> **Your task**
Set every record down verbatim and omit the pictures.

=-=-=-=-=

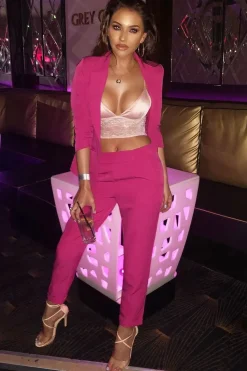 Rebellious Fashion Pink Blazer and Trousers Co-Ord - Rossie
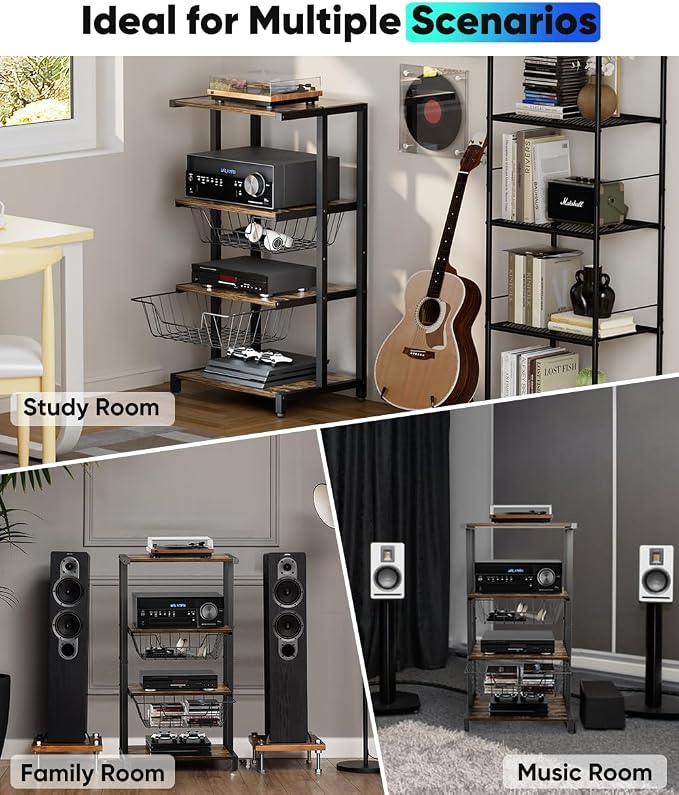 Media Stand with Two Detachable Baskets, 4-Tier AV Media Stand Corner Shelf - Image 7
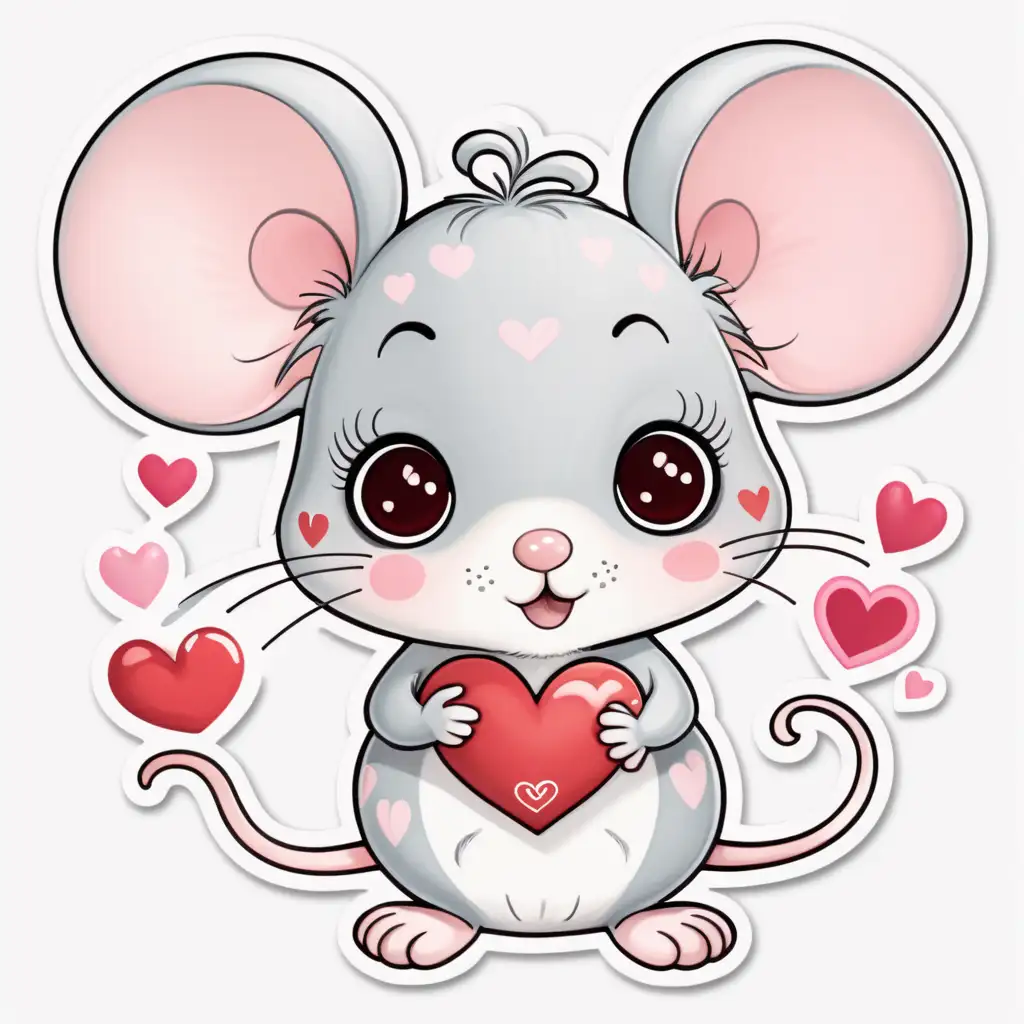 Cute,fairytale,cartoon,whimsical baby mouse, pastel, big eyes, white background, with valentine hearts , sticker, very colorful
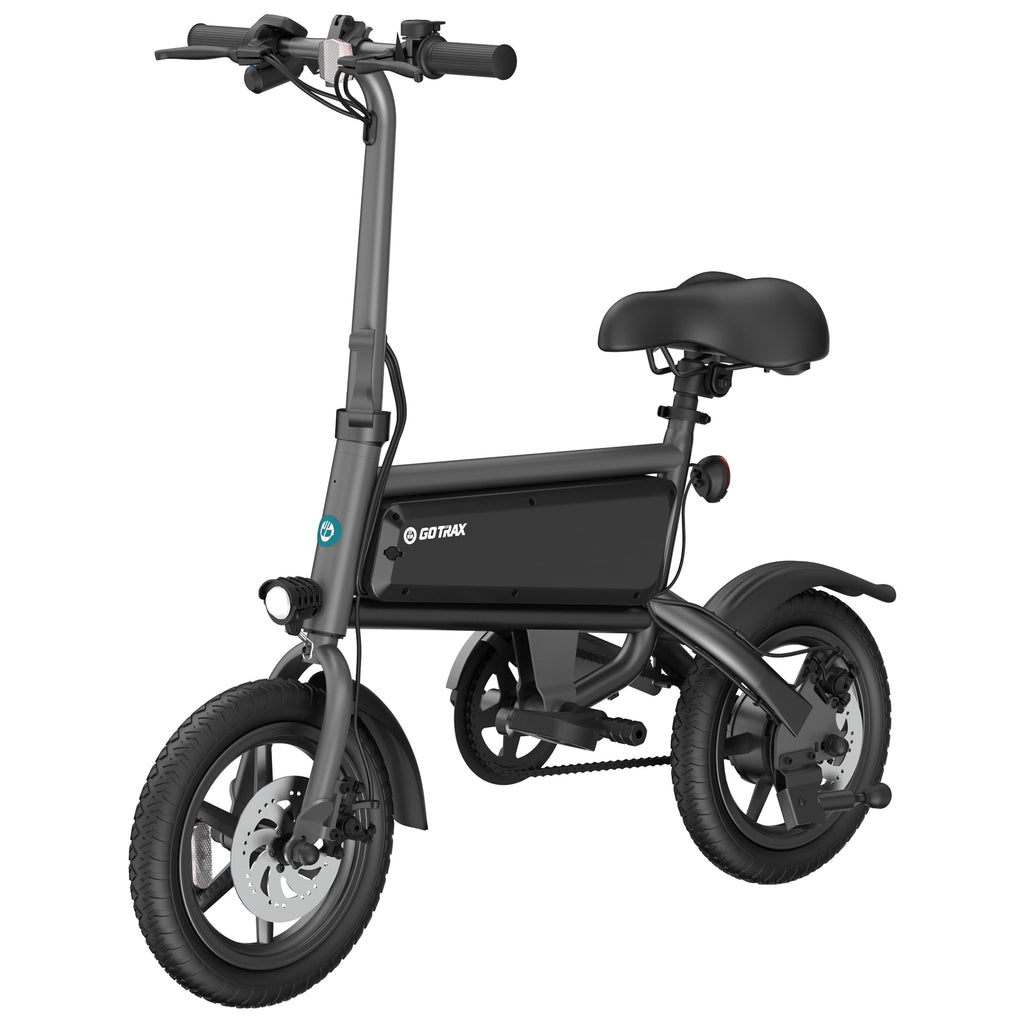 GOTRAX S2 14 Folding Adult Electric Bike, 250W, 15.5 mph Max Speed LED Display, Black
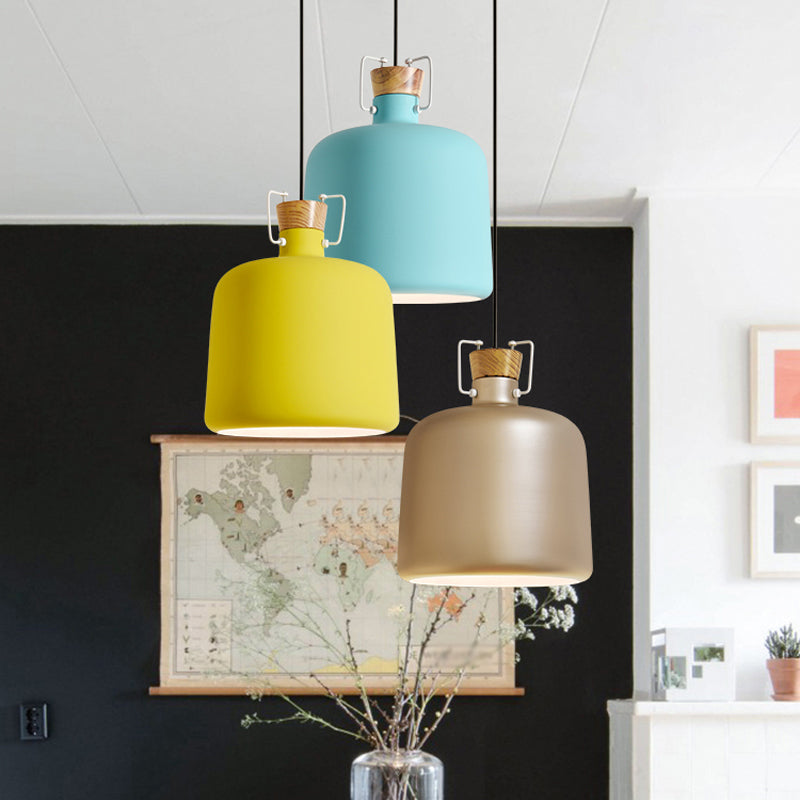 Wine Jar Shaped Down Lighting Macaron Aluminum 1-Light Open Kitchen Pendant Lamp in Blue/Gold/Brown with Wood Cork Clearhalo 'Ceiling Lights' 'Pendant Lights' 'Pendants' Lighting' 1910177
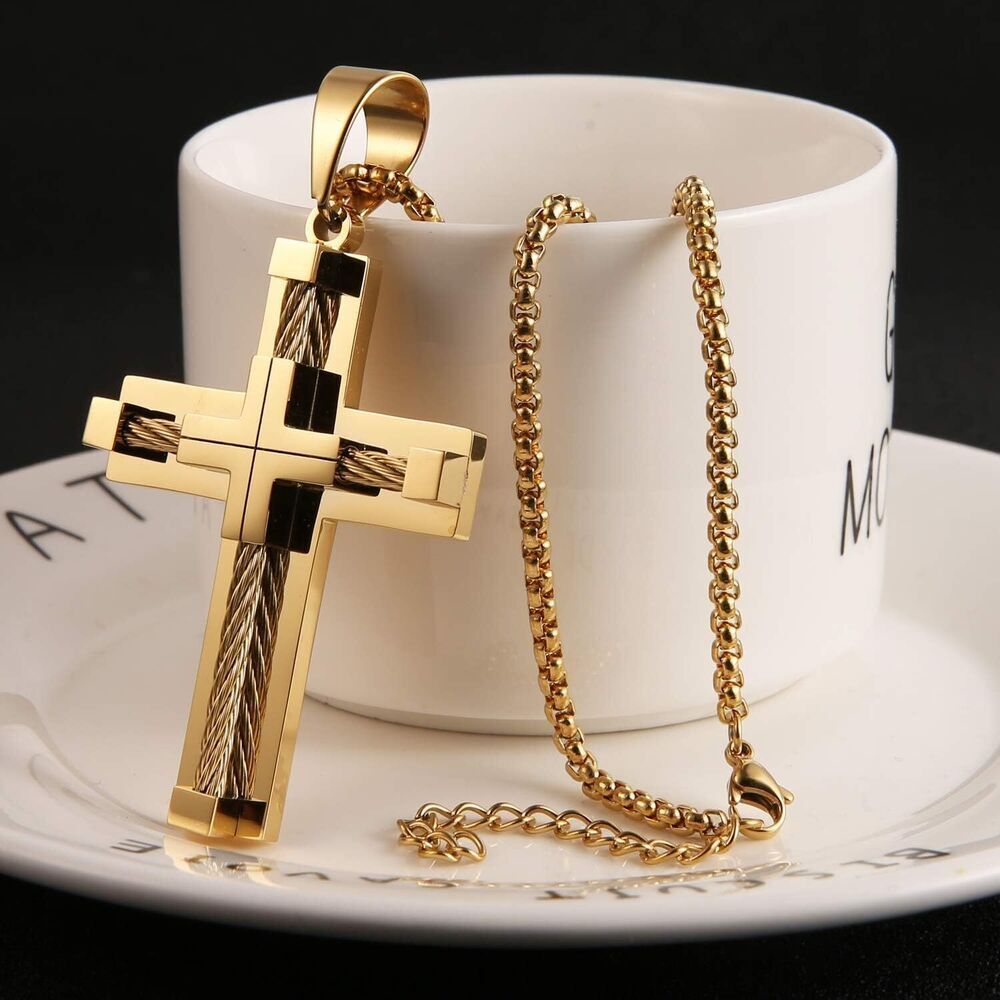Steel Cable Inlay Gentleman Double Layer Splice Cross Stainless Steel Necklace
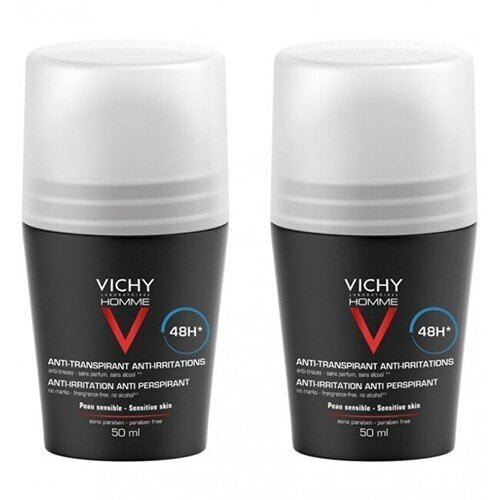 Vichy Homme 48H Deo rulldeodorant (Anti-Transpirant Extra Sensitiv e ) 2 x 50 ml цена и информация | Deodorandid | kaup24.ee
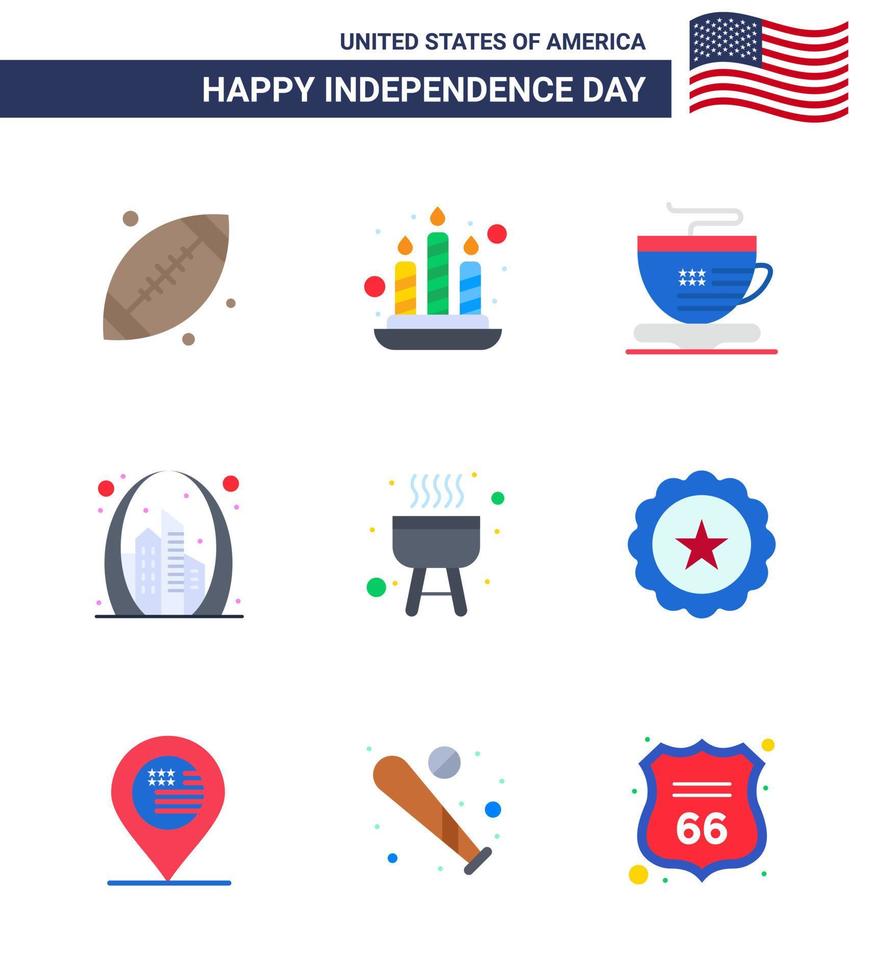 Pack of 9 creative USA Independence Day related Flats of cook barbecue cup usa gate Editable USA Day Vector Design Elements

=-=-=-=-=

> **Solved exercise**
 Rebellious Fashion Pink Blazer and Trousers Co-Ord - Rossie
 Media Stand with Two Detachable Baskets, 4-Tier AV Media Stand Corner Shelf - Image 7
 Cute,fairytale,cartoon,whimsical baby mouse, pastel, big eyes, white background, with valentine hearts , sticker, very colorful
 GOTRAX S2 14 Folding Adult Electric Bike, 250W, 15.5 mph Max Speed LED Display, Black
 Wine Jar Shaped Down Lighting Macaron Aluminum 1-Light Open Kitchen Pendant Lamp in Blue/Gold/Brown with Wood Cork Clearhalo 'Ceiling Lights' 'Pendant Lights' 'Pendants' Lighting' 1910177
Steel Cable Inlay Gentleman Double Layer Splice Cross Stainless Steel Necklace
 Vichy Homme 48H Deo rulldeodorant (Anti-Transpirant Extra Sensitiv e ) 2 x 50 ml цена и информация | Deodorandid | kaup24.ee
 Pack of 9 creative USA Independence Day related Flats of cook barbecue cup usa gate Editable USA Day Vector Design Elements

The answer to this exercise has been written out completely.